From a security perspective, how do passwords and passkeys compare?
Passkeys are more secure than the traditional username/password authentication method for a number of reasons. First and foremost, you won't be able to use easy-to-crack passwords, such as “password.” Also, 2FA is built into the passkey and the only way someone could access your account would be to have both the private key and your biometric login or device pin code.
Do I need 2FA with my passkey?
No, because 2FA is built into passkeys.
Can my passkey be hacked?
Nothing is 100% foolproof. However, hacking a passkey would require considerable effort to not only gain access to the device where the private key is stored but to also break into your device, e.g. recreating your biometric login (fingerprint or face) or device pin code. Because of this, passkeys are far more secure than traditional methods.
Google recently announced passkey support. Is this the same thing that Bitwarden is announcing?
Partly. Google announced that it has added support for passkey authentication for Workspaces accounts, meaning users can sign into their Google Workspace with a passkey instead of their usual password. Similarly, Bitwarden users will be able to access their Bitwarden accounts with a passkey instead of their master password.
Bitwarden also announced that users will be able to save, store, and manage registered passkeys associated with the websites and applications they use right within their vaults. So, Google now makes it possible to use passkeys for accounts and Bitwarden is capable of storing passkeys in vaults.
Do I use the same passkey regardless of the browser I’m on or will each site require a different passkey depending on the browser or device?
If you use Bitwarden to store your passkeys and the browser supports the Bitwarden extension (as well as the underlying technology of passkeys) you can access your accounts using the same passkeys, no need to create new ones. If you don’t store your passkeys in bitwarden it will depend on how well the browser integrates with your device OS (where the passkeys are stored).
What are some examples of sites that support passkeys?
The growing list of sites that support passkeys at the moment include Best Buy, Cloudflare, eBay, Google, Kayak, PayPal, and GitHub. A community-sourced Passkey Index is available on GitHub.

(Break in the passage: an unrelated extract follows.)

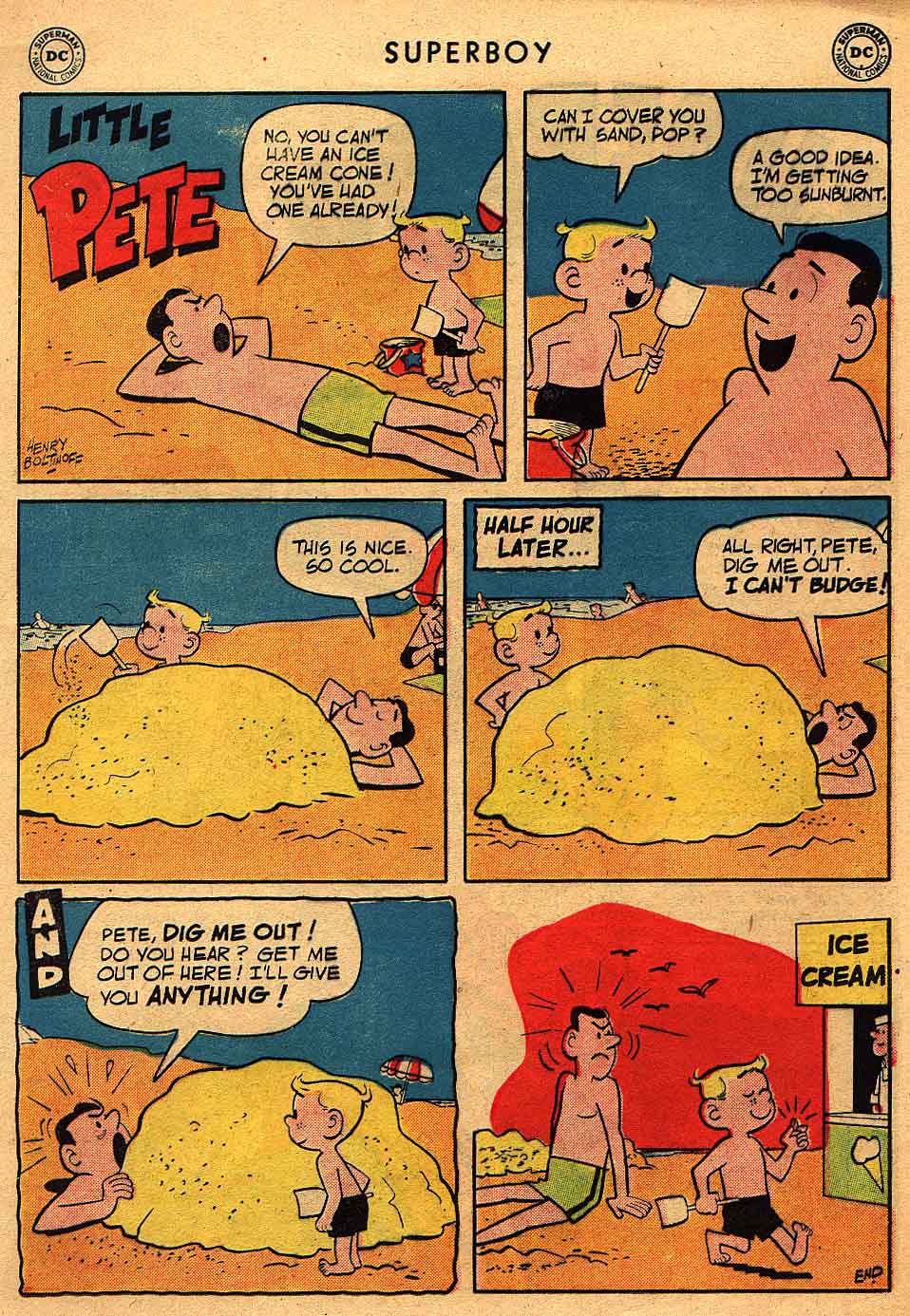 Superboy (1949) 68 Page 10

Are passkeys the same as passwordless?
Yes. Because passkeys do not require a password, they are considered a passwordless method of authentication. Note that Passkeys are in general safer than other means of passwordless authentication that can more easily be phished.

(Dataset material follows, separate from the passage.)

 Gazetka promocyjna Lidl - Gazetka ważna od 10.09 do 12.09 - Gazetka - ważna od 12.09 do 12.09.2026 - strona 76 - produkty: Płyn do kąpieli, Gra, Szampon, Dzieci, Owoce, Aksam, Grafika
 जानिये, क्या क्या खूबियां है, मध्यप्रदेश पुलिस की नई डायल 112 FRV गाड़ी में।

How will I use passkeys with Bitwarden? Do I still need a master password?
Coming fall 2023, users will be able to use a passkey to access their accounts without a master password. Users will also be able to store and secure their passkeys within their vaults.
Can passkeys be used across platforms? If not, are there any issues with having different passkeys depending on the platform you’re using?

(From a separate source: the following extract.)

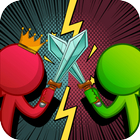 Stickman Heroes: Epic Game - Fight- Duel of sticks icon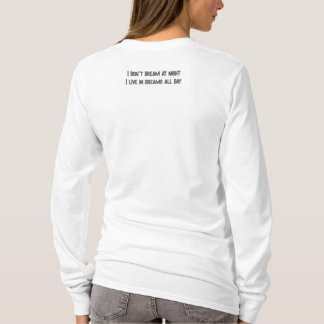 T-shirt Rêveur Abstrait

Initially, passkeys work on the device that created it. Synced passkeys are coming next to be stored and managed across devices via a password manager that supports storing passkeys, such as Bitwarden.
Will I be locked into using passkeys if I adopt it?
That will depend on the site or the account. Some sites may only choose to offer passkey authentication, while others may offer traditional username/password authentication, username/password/2FA authentication.
Can passkeys be shared with other trusted individuals?
That depends on the platform. Some platforms, including Bitwarden, will make it possible to share passkeys with trusted individuals.
Is there support, such as a live chat representative to speak with if I’m having trouble with my passkey?
That will depend on the site. If a site supports passkey authentication and they offer support, they will be able to answer your questions regarding passkey authentication for that particular site.
If I no longer want to use my passkey, can I remove it?
Yes. This will be done in the same way you would remove a password on your device.